Sa mise en cause embarrasse l’Élysée : Nicolas Bazire, aujourd’hui âgé de 54 ans, est en effet un ami intime de Nicolas Sarkozy, qui l’a choisi comme témoin lors de son mariage avec Carla Bruni. L’un et l’autre occupaient des postes stratégiques dans l’équipe de campagne du candidat Balladur en 1995.
Thierry Gaubert : Ancien conseiller de Nicolas Sarkozy à la mairie de Neuilly puis à Bercy, lorsque l’actuel chef de l’État occupait le poste de ministre du Budget, entre 1993 et 1995. Thierry Gaubert a été mis en examen pour recel d’abus de biens sociaux en septembre 2011 dans l’enquête sur le financement de la campagne d’Édouard Balladur pour la présidentielle de 1995. Son ex-femme, Hélène de Yougoslavie, est devenue un témoin-clé de l’affaire. Début septembre, elle a affirmé aux enquêteurs qu’au cours de la campagne présidentielle de 1995, son mari a accompagné en Suisse Ziad Takieddine, homme d’affaire controversé et intermédiaire présumé dans les contrats de vente de sous-marins au Pakistan (voir le Réseau K, plus haut dans la page), pour y chercher des valises d’argent.

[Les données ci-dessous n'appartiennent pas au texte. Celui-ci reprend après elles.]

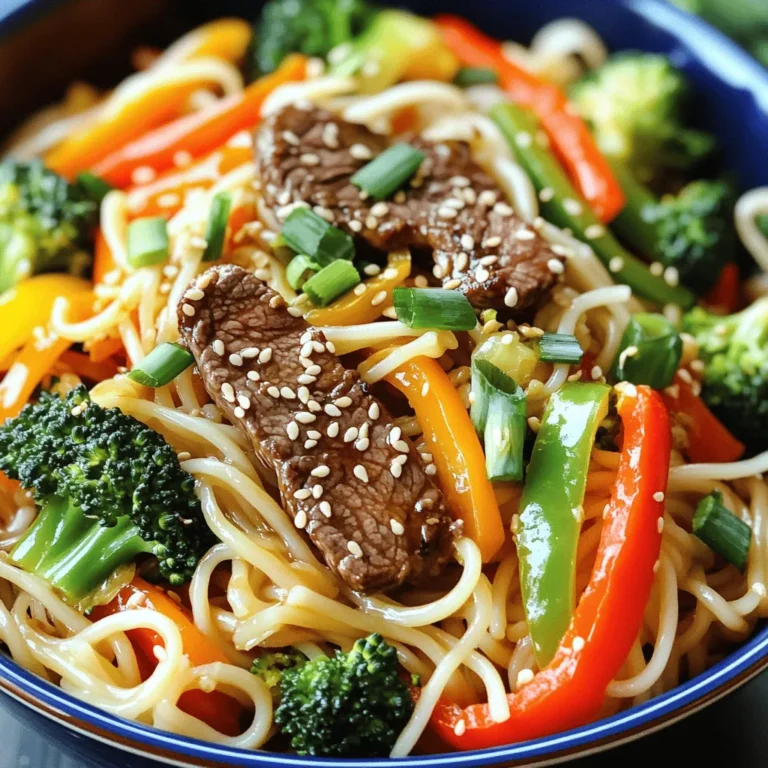 - 8 oz. beef sirloin - 8 oz. fresh rice noodles - 1 bell pepper, sliced (any color) - 1 cup broccoli florets - 2 medium-sized carrots, julienned - 3 tablespoons soy sauce - 1 tablespoon oyster sauce (optional) - 1 tablespoon hoisin sauce - 2 cloves garlic, minced - 1 inch fresh ginger, grated - 1 teaspoon sesame oil - 3 green onions, chopped (separate white and green parts) - Toasted sesame seeds for garnish In this recipe, I use beef sirloin for a tender bite. Fresh rice noodles make this dish quick and tasty. You can use any color bell pepper, adding fun and color. Broccoli florets and julienned carrots give a nice crunch. The sauces bring all the flavors together. Soy sauce adds saltiness. Oyster sauce gives a rich, savory taste. Hoisin sauce adds sweetness and depth. For seasonings, garlic and ginger create a fragrant base. A hint of sesame oil adds warmth. The green onions provide fresh contrast. Toasted sesame seeds offer a crunchy finish. You can find the full recipe in another section, but these are the key ingredients you need to make a delicious beef noodle stir fry. - Thinly slice the beef - Julienne the carrots - Cut the broccoli into florets Start by slicing the beef into thin strips. This helps it cook quickly and evenly. Next, take your carrots and cut them into thin matchstick pieces, also known as julienne. It makes them cook faster and looks nice. For the broccoli, cut it into small florets. All these steps help make the cooking process quick and easy. - Boiling the noodles - Preventing sticking Fill a large pot with water and bring it to a boil. Once boiling, add the fresh rice noodles. Cook them for 2-3 minutes, following the package instructions. When they’re ready, drain them. To stop them from sticking, drizzle a bit of sesame oil over the noodles. Toss them gently to coat. Set the noodles aside for later. - Cooking the beef - Sautéing garlic and ginger - Adding and cooking the vegetables In a large wok or skillet, heat a tablespoon of vegetable oil over high heat. Once hot, add the sliced beef. Cook it for 2-3 minutes until it turns brown. Remove the beef from the pan and keep it warm. In the same pan, add another tablespoon of oil. Then, toss in minced garlic and grated ginger. Stir-fry them for about 30 seconds until fragrant. Now, it’s time for the vegetables! Add the bell pepper, broccoli, and carrots. Stir-fry them for 3-4 minutes until they are crisp but tender. - Returning beef to the pan - Mixing in sauces and noodles - Tossing everything together Now, return the cooked beef to the pan. Add the rice noodles, soy sauce, oyster sauce (if using), and hoisin sauce. Toss everything together gently for about a minute. Make sure the noodles are well-coated with the sauce. This ensures every bite is full of flavor. - Adjusting seasoning - Plating and garnishing Taste your stir-fry and adjust the seasoning with salt and pepper as needed. Just before serving, mix in the white parts of the chopped green onions for added flavor. Serve your delicious stir-fry in bowls or on a platter. Top with the green onion greens and sprinkle toasted sesame seeds for a lovely crunch. Enjoy your Beef Noodle Stir Fry! For the full recipe, check out the details included earlier. To achieve the best stir-fry, you need high heat. Start with a hot wok or skillet. This helps cook the meat and veggies quickly. It seals in flavors and keeps everything crisp. - Use thin slices of beef. This helps it cook fast and stay tender. - Prep all ingredients first. When everything is ready, you can cook quickly. For high heat cooking, use oils with high smoke points. Vegetable oil works great. It won’t burn as easily. - Heat the oil before adding food. You’ll know it’s ready when it shimmers. - Cook in small batches. This keeps the temperature steady. If you want to switch proteins, try chicken or shrimp. Both work well in stir-fry dishes. - Chicken: Use thinly sliced breast or thigh meat. - Shrimp: Shell and devein them before cooking. For vegetables, feel free to get creative. You can use snap peas, zucchini, or mushrooms. - Snap peas: Add them for a crisp bite. - Zucchini: Slice or julienne for a light texture. - Mushrooms: Add umami flavor and a meaty texture. Prepping your meals can save time later. Cook the beef and veggies ahead of time. Store them in the fridge for up to three days. - Meal prep suggestions: Prepare noodle portions in advance. Cook them when you’re ready to eat. - Freezing leftovers: If you have extra stir-fry, freeze it. Use an airtight container to keep it fresh. This way, you can enjoy it later without losing flavor. By following these tips, you’ll make cooking easier and more fun! {{image_4}} You can switch the beef for chicken. Just slice the chicken thinly like the beef. Cook it in the same way. This gives a tasty chicken stir-fry option. For a vegetarian twist, try tofu. Use firm tofu and press it to remove water. Cut it into cubes and stir-fry it until golden. This makes a great vegetarian alternative. Want more flavor? Add spices like chili flakes or black pepper. These spices can give your dish a kick. You can also try adding garlic powder or five-spice powder. Using different sauces can change everything. Try teriyaki or sweet and sour sauce instead of soy sauce. Each sauce adds a unique taste to your dish. You can mix sauces too for even more flavor. Pair your stir-fry with side dishes like steamed rice or fried rice. Both add texture and taste. You can also serve it with a simple salad for freshness. For ideal accompaniments, think of spring rolls or dumplings. They make great sides and are fun to eat with your stir-fry. Enjoy your meal together for a full experience! To keep your beef noodle stir fry fresh, store it in an airtight container. Place it in the fridge right after it cools. This way, you prevent bacteria growth. Your stir fry will last for about 3 to 4 days in the fridge. The best way to reheat stir fry is in a pan over medium heat. Add a splash of water or broth to steam the noodles and veggies. This helps keep the texture nice. Stir it often to warm everything evenly. You can also use the microwave, but this may make the noodles a bit soggy. To freeze leftover stir fry, place it in freezer-safe bags or containers. Remove as much air as possible to prevent freezer burn. Your stir fry can last up to 3 months in the freezer. When you’re ready to eat, thaw it in the fridge overnight. Reheat it in a pan for the best results. To boost flavor in your Beef Noodle Stir Fry, use fresh herbs. Cilantro or basil can add a nice touch. Add chili paste for heat. A splash of lime juice brightens the dish. You can also try using different sauces. Consider adding a dash of fish sauce for depth. Yes, you can use various noodles. Egg noodles provide a richer taste. Soba noodles add a unique flavor and are healthier. Udon noodles are thicker and chewy. For gluten-free options, try rice noodles or zucchini noodles. You can add many ingredients to make this dish your own. Try snap peas or mushrooms for extra texture. Add baby corn for a sweet crunch. For a twist, include pineapple or cashews. Feel free to adjust the vegetables based on what you have. Beef stir fry can be healthy, depending on your ingredients. Lean beef offers protein and iron. Plenty of veggies add essential vitamins and fiber. To make it healthier, use less oil and low-sodium soy sauce. You can also add more vegetables to boost nutrition. Stir-frying cooks food quickly over high heat while stirring. It uses a small amount of oil. Sautéing also cooks quickly but may use more oil. Stir-frying often involves tossing ingredients in a wok. Sautéing is done in a skillet, cooking food flat. Both methods create tasty dishes but differ in style. This blog post covers everything you need for a great Beef Noodle Stir Fry. We explored key ingredients like beef sirloin, fresh noodles, and tasty sauces. The step-by-step guide made cooking simple and clear. Plus, I shared tips for techniques and ingredient swaps to customize your dish. Remember, cooking is fun and allows you to be creative. Whether you choose beef, chicken, or veggies, the possibilities are endless. Enjoy your cooking and the delicious results that follow!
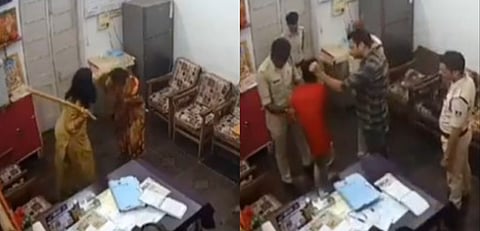 Screengrab from the viral video shows police personnel attacking a Dalit woman and her teenage son.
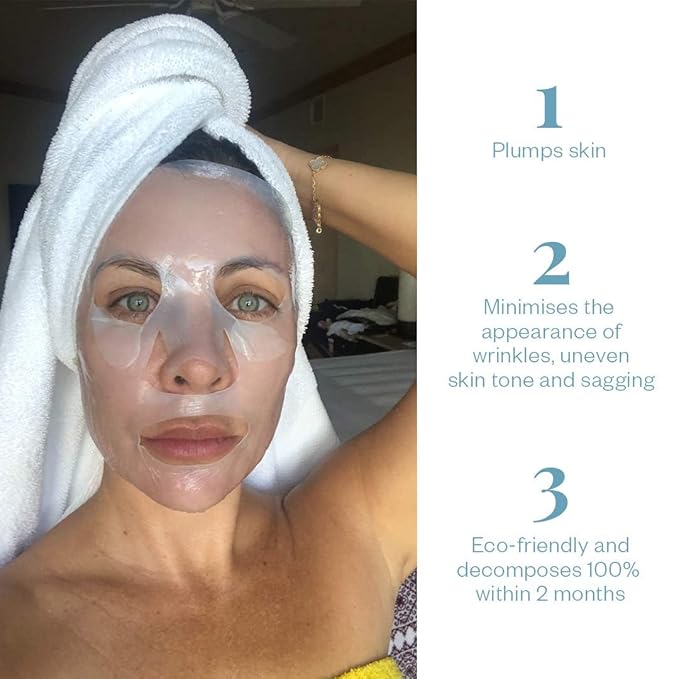 Wrinkles Schminkles Facial Plumping Sheet Masks with Collagen, Peptides, Vitamin B3 & Hyaluronic Acid, 5 Sheet Masks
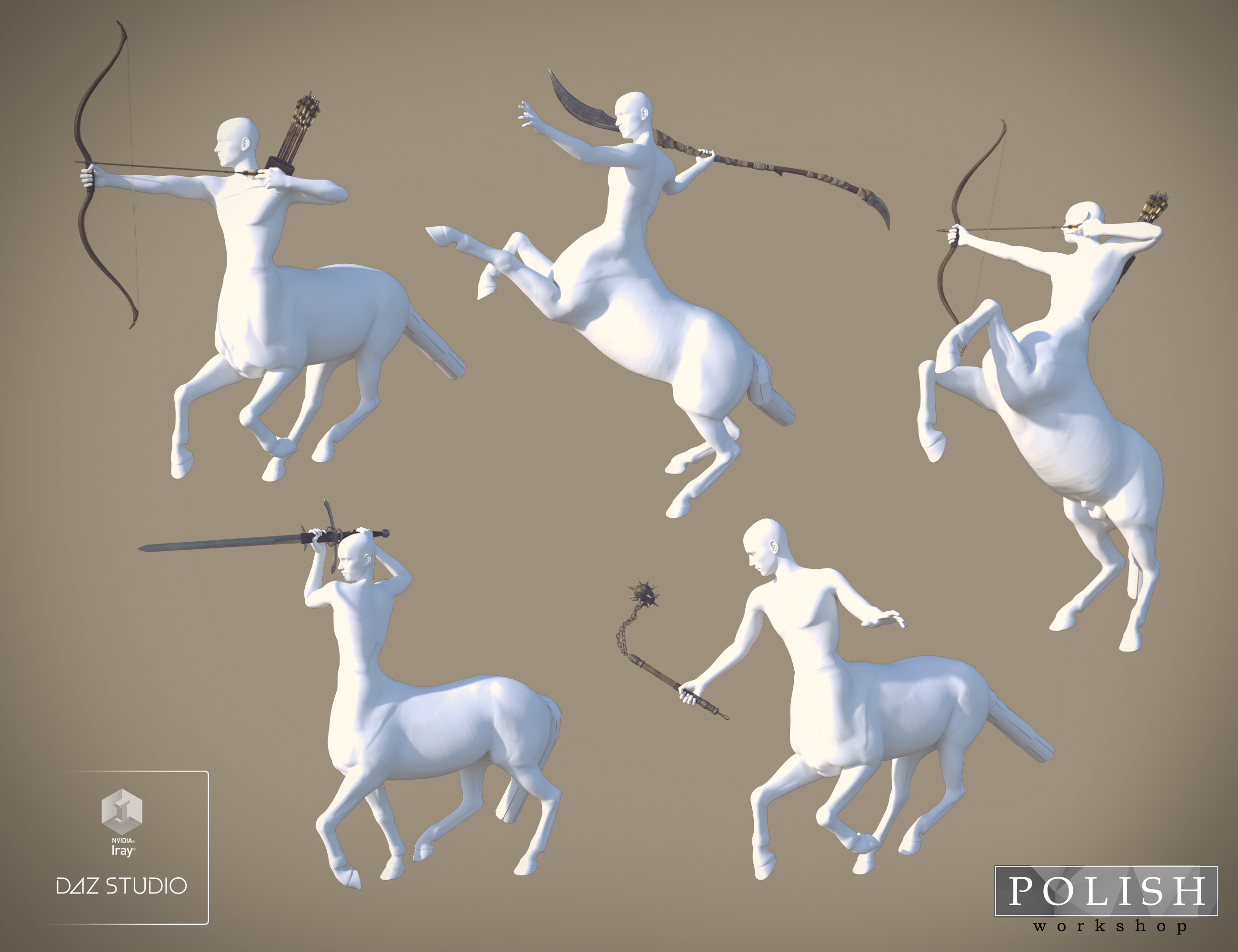 Centaur 7 Weapons and Poses for Genesis 3 and 8 Male(s) and Female(s) by: Polish, 3D Models by Daz 3D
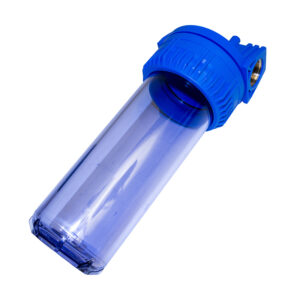 Filterbehållare EMTEK 10" har ett genomskinligt plasthölje och ett blått skruvlock, som visas snett mot en vit bakgrund.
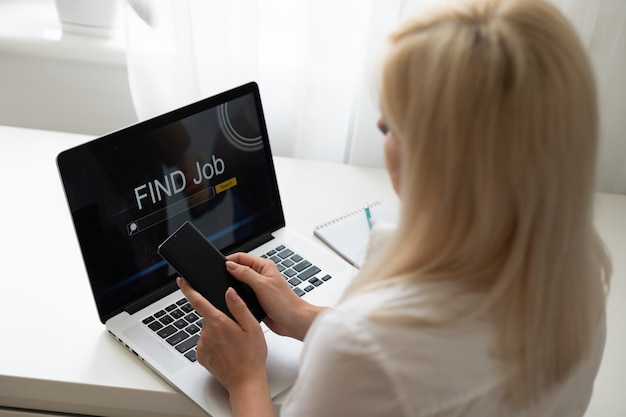 Beautiful young woman having video conference call via computer. Call Meeting. Home office. Stay at home and work from home concept during Coronavirus pandemic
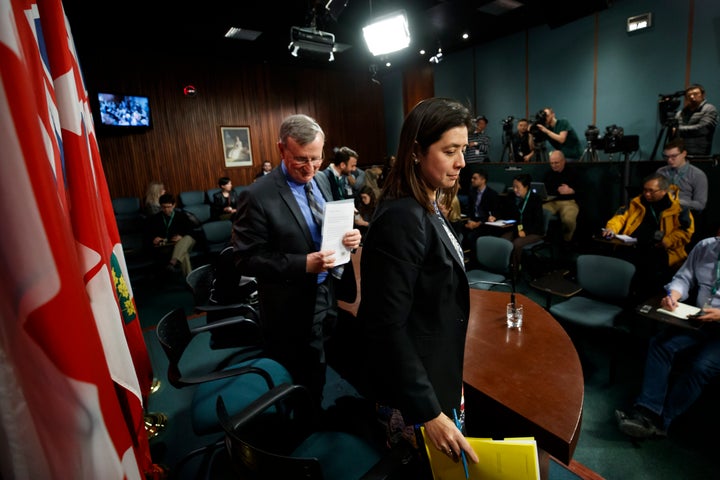 Dr. Eileen de Villa, Medical Officer of Health for the City of Toronto, leaves a press briefing on the coronavirus at Queen's Park on Jan. 27, 2020 in Toronto. 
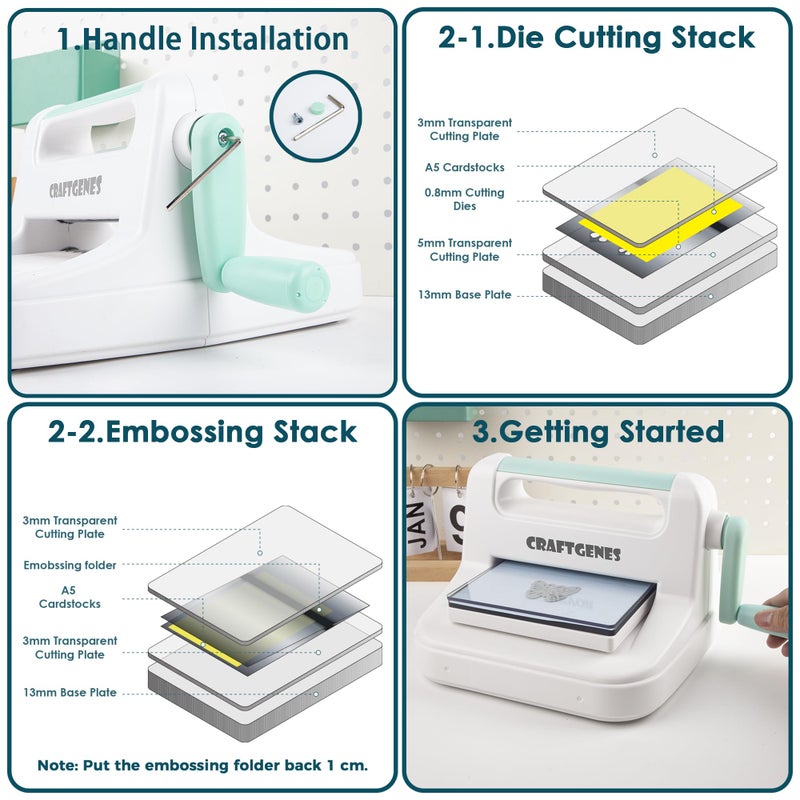 CraftGenes Manual Die Cutting Machine, Embossing Machine 6'' Opening Size for Cardmaking, Scrapbooking, and DIY Crafts â€“ Complete Set with A5 Die Cuts, Embossing Folders, Plates, Clear Stamps - Image 4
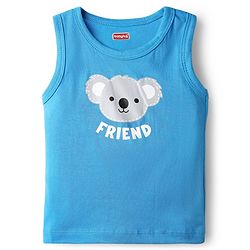 Babyhug 100% Cotton Knit Antibacterial Sleeveless Sandos with Animal Print Pack of 3 - Orange Navy & Light Blue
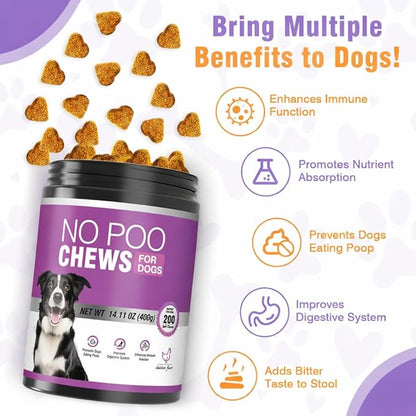 200 Chews No Poo Chews-No Poop Eating Deterrent for Dog-Coprophagia Deterrent for Dogs-Prevent Stop Dogs from Eating Poop Supplement with Digestive Enzymes&Probiotics-Breath Freshener-Chicken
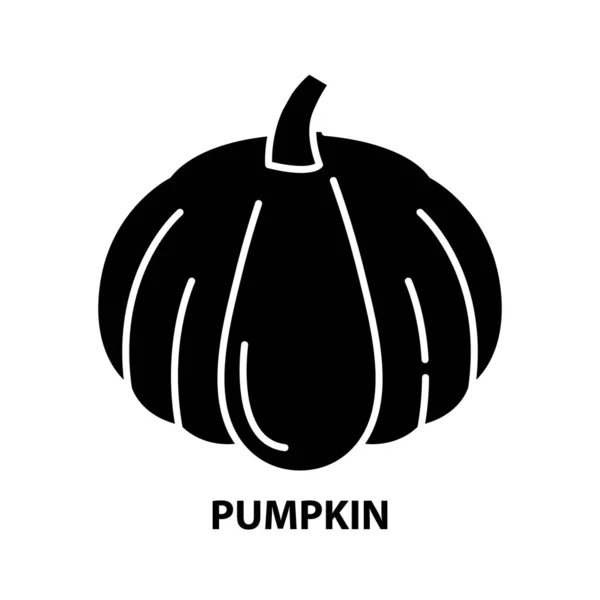 Icono de calabaza, signo de vector negro con movimientos editables, ilustración de concepto — Archivo Imágenes Vectoriales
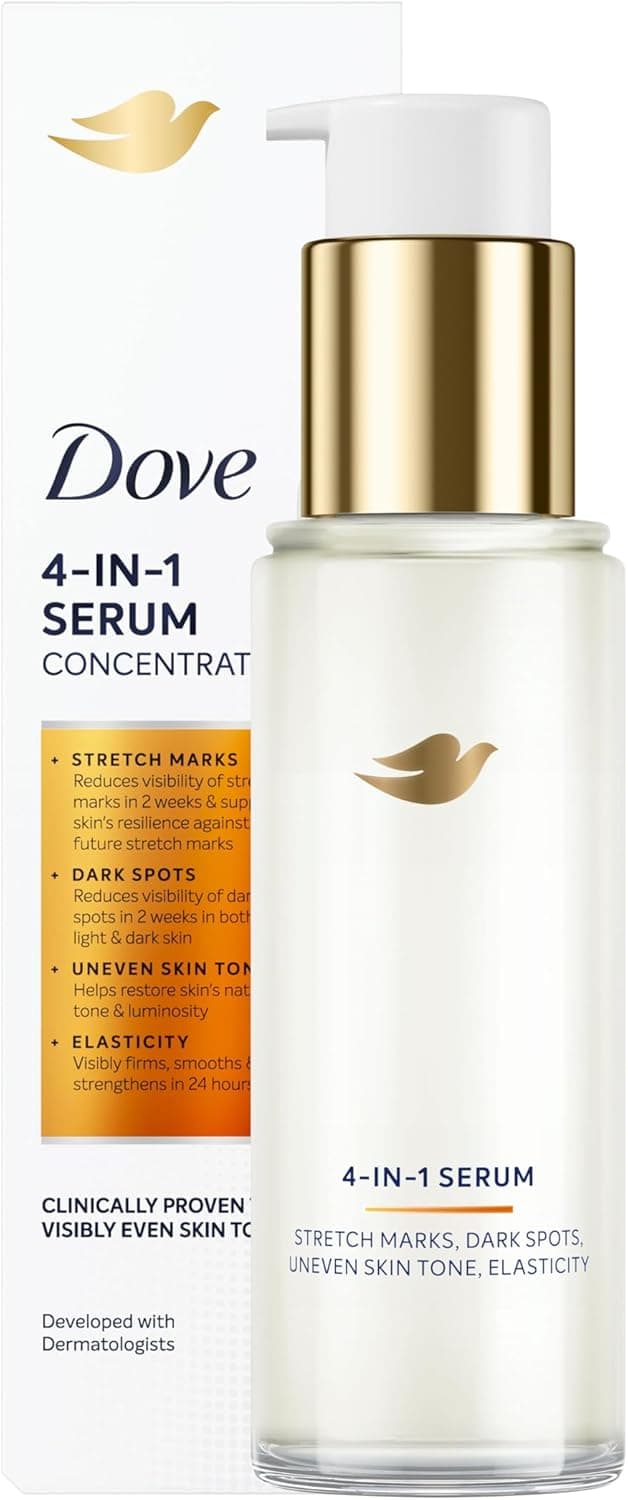 Dove Dove Body Serum 4 in 1 for Stretch Marks, Dark Spots, Irregular Skin Tone and Loss of Elasticity Lotion with Tone Balance Complex, Niacinamide and Collagen Peptides 100ml 1 Piece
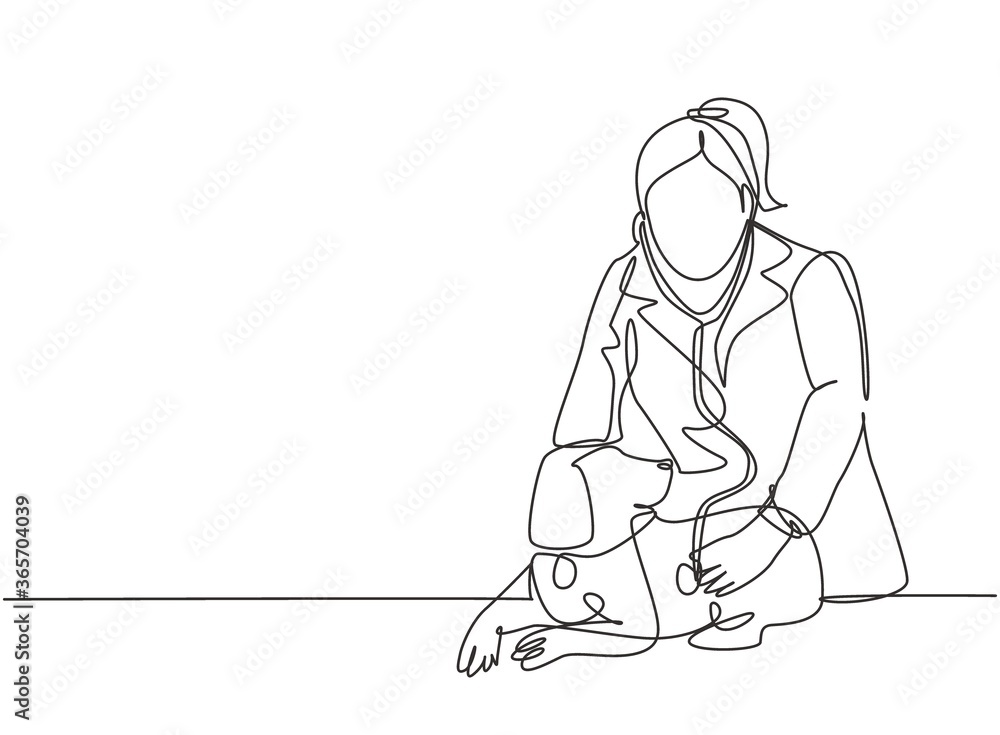 One single line drawing of young happy female veterinarian examining and take care of a sick dog because of a virus. Pet health care service concept continuous line draw design vector illustration One single line drawing of young happy female veterinarian examining and take care of a sick dog because of a virus. Pet health care service concept continuous line draw design vector illustration
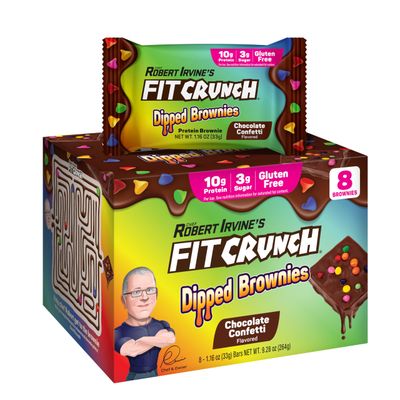 FITCRUNCH Dipped Protein Brownies, Designed by Robert Irvine, 10g of Protein &amp; 3g of Sugar (8 Brownies, Chocolate Confetti)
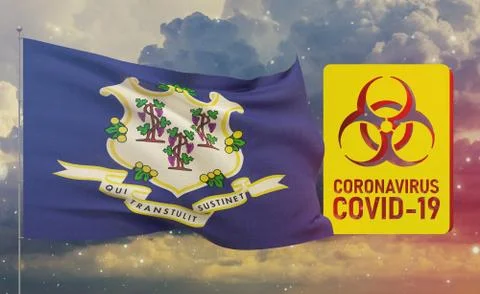COVID-19 Visual concept - Coronavirus COVID-19 biohazard sign with flags of the 스톡 일러스트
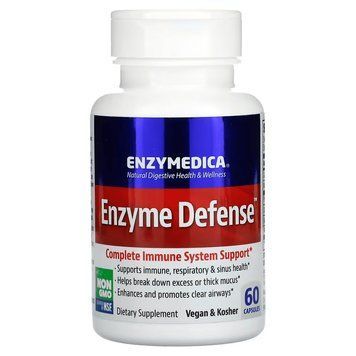 Ферменты для иммунной системы, Enzyme Defense, Enzymedica, 60 капсул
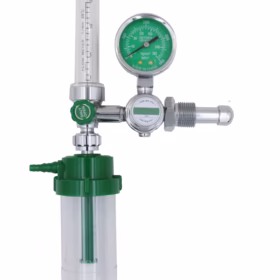 Oxygen regulators are intended for the administration of oxygen to patients that are deemed by a physician to need increased oxygen levels to improve or stabilize their breathing conditions. It is a pressure-reducing device that lowers the pressure of the oxygen from a cylinder to a level that can safely be used.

En 2008, Thierry Gaubert a été mis en examen pour abus de biens sociaux et escroquerie dans une affaire de détournement de fonds dans les Hauts-de-Seine remontant aux années 1980-1990.
Les juges
Marc Tredivic : le juge antiterroriste est saisi du dossier de l’attentat de Karachi, suivi depuis 2002 par le juge Jean-Louis Bruguière qui privilégiait la piste Al-Qaïda. L'attentat à Karachi le 8 mai 2002 (14 morts dont 11 Français) pourrait être, selon lui, une conséquence de la suspension des paiements des commissions.
Renaud Van Ruymbeke : à la suite d’une plainte des familles des victimes en 2010, il est en charge du volet financier de l’affaire et doit enquêter sur l'éventuel versement de rétrocommissions dans le cadre du contrat portant sur la vente, par Paris, de sous-marins au Pakistan.